Esta mañana fue un hermoso cardenal macho la primer ave que llegó de visita. Con gorjeos cortos y repetidos buscaba (supongo) a su compañera, que al menos durante los minutos que duró el repetido llamado, no apareció. En muchas ocasiones coinciden; primero él con su hermoso color rojo nochebuena, y un momento después ella, ataviada de un sobrio plumaje parduzco. Del mismo modo llegan en pareja unos simpáticos pájaros carpinteros, algo más nerviosos que los anteriores, movilizando la cabeza de aquí para allá, vigilantes. Por las tardes toca a los gorriones en grupos de dos o tres, con un movimiento de cabeza y cuerpo, a manera de estremecimiento. Supongo que es parte del cortejo, habitualmente interrumpido por las palomas. Unas buchonas y otras crema; de manera repetida su pesado vuelo viene a interrumpir la fiesta de los gorriones. A estos pequeños los observo brincar de una rama a otra, limpiarse el pico, sobre todo después de beber del recipiente donde coloco agua fresca un par de veces por día. Ocasionalmente aparece una calandria, y cuando florean las sábilas vecinas, llegan los colibrís. La que ya es de casa es una ardilla que baja por las tardes a refrescarse y tal vez desentierre y coma alguna de las nueces que escondió bajo tierra.

Esta procesión de seres vivos provee de color al árbol ennegrecido, pero más que nada le da un sentido. A mí me indica que no todo tiene que ser precioso o perfecto para encajar, para poner todo su empeño en servir a otros. Por más que el árbol muerto desentone con el resto, simplemente no puedo llegar con un hacha y truncarlo; privaría a un montón de criaturas de una parte importante de su nicho ecológico.

Vivimos en una sociedad enajenante. Necesitamos mantener recordatorios constantes de cuánto vale una vida, y por encima de cualquier otra, una vida humana. En el curso de la semana hubo una nota que me estremeció: en el estado de Guanajuato hallaron a una bebé recién nacida encima de un hormiguero. Al momento cuando la encontraron, todo su cuerpecito estaba cubierto de hormigas; la rescataron y la llevaron al hospital, donde unas horas después murió. Nos ponemos en el lugar de la pequeña y por un momento imaginamos qué habrá sentido ella durante el tiempo que estuvo ahí, a la intemperie, con hambre y con sed, y poco después de haber sido abandonada, cuál no sería su dolor al comenzar a sentir no uno ni dos, sino cientos o miles de piquetes por todo su cuerpecito. ¿Qué ser humano merece una muerte así? Y, sobre todo, ¿por qué una criatura inocente?... Ahora bien, aplicando las enseñanzas de los maestros de narrativa, pongámonos en lugar del personaje que la colocó ahí; imaginemos sus razones: ¿Para hacerla sufrir en venganza por algo? ¿La puso ahí su propia madre para asegurarse de que muriera? ¿Es una venganza entre grupos de la delincuencia organizada?... Me cuesta enfundarme en algún personaje para entender.

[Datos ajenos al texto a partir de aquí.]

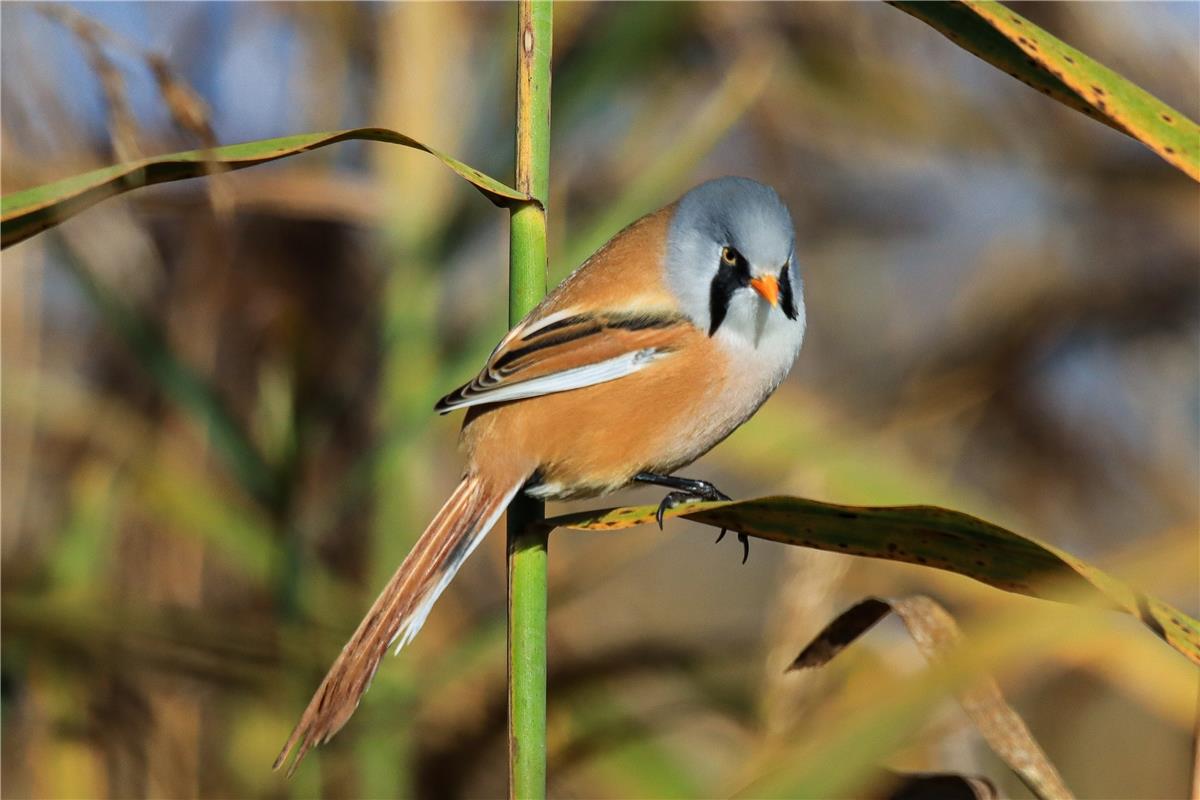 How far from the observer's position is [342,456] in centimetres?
305

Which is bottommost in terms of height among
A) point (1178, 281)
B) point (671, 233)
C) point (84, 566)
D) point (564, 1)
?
point (84, 566)

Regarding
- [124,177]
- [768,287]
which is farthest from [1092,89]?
[124,177]

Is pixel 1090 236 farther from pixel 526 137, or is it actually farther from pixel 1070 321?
pixel 526 137

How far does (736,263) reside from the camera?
6.94ft

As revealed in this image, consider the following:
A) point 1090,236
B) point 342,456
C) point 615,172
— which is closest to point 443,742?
point 342,456

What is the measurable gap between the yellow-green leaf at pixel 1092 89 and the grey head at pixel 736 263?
79cm

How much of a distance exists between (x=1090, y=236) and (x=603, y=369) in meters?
2.09

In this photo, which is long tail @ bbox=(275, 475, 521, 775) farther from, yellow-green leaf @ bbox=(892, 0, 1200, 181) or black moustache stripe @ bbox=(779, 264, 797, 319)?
yellow-green leaf @ bbox=(892, 0, 1200, 181)

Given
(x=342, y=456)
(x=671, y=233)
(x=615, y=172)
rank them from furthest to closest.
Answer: (x=615, y=172) → (x=342, y=456) → (x=671, y=233)

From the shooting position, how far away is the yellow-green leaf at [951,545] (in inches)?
40.9

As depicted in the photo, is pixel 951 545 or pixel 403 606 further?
pixel 403 606

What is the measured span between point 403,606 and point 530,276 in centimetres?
52

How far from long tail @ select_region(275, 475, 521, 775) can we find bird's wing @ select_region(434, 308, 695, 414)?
0.15 metres

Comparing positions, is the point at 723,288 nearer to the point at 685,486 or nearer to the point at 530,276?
the point at 685,486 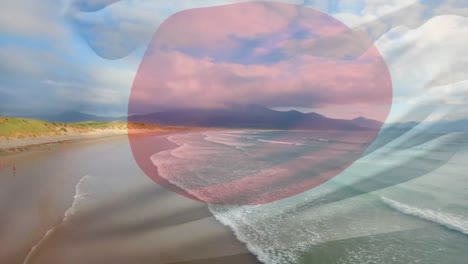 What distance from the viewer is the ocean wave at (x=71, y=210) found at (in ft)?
11.9

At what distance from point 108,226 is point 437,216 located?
221 inches

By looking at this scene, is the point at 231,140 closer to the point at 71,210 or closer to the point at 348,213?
the point at 348,213

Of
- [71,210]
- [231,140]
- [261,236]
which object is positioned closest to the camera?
[261,236]

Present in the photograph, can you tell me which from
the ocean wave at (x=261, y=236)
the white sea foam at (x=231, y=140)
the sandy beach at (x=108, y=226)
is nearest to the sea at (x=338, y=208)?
the ocean wave at (x=261, y=236)

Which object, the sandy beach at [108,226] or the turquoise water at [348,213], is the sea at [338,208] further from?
the sandy beach at [108,226]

Queda claro que tanto la vida, como el sufrimiento y la violencia, son elementos que se han incorporado a nuestro imaginario colectivo, tanto como el refresco de cola o las telenovelas. Ello genera una disociación entre mis impulsos y lo que éstos pueden llegar a ocasionar. La velocidad con que recibimos mensajes rebasa la capacidad de asimilarlos. Del mismo modo, nuestros arrebatos por llevar a cabo algo, no se someten al tamizaje de la razón. Cosificamos los entes vivos, les damos un tratamiento inmisericorde. Es muy lamentable concluir que, dentro de este universo de hiperinformación y altísima velocidad, vamos perdiendo la calidad humana que solía caracterizarnos.

Estamos atrapados en un punto ciego de indiferencia: La mente racionaliza; el corazón se endurece y el arrebato nos domina. Una buena forma de volver a conectarnos con nuestro ser espiritual es entrar en contacto con la naturaleza, entender que todo en este planeta obedece a un orden cósmico. Que somos afortunados de estar aquí y responsables de cuidarlo mientras vivamos.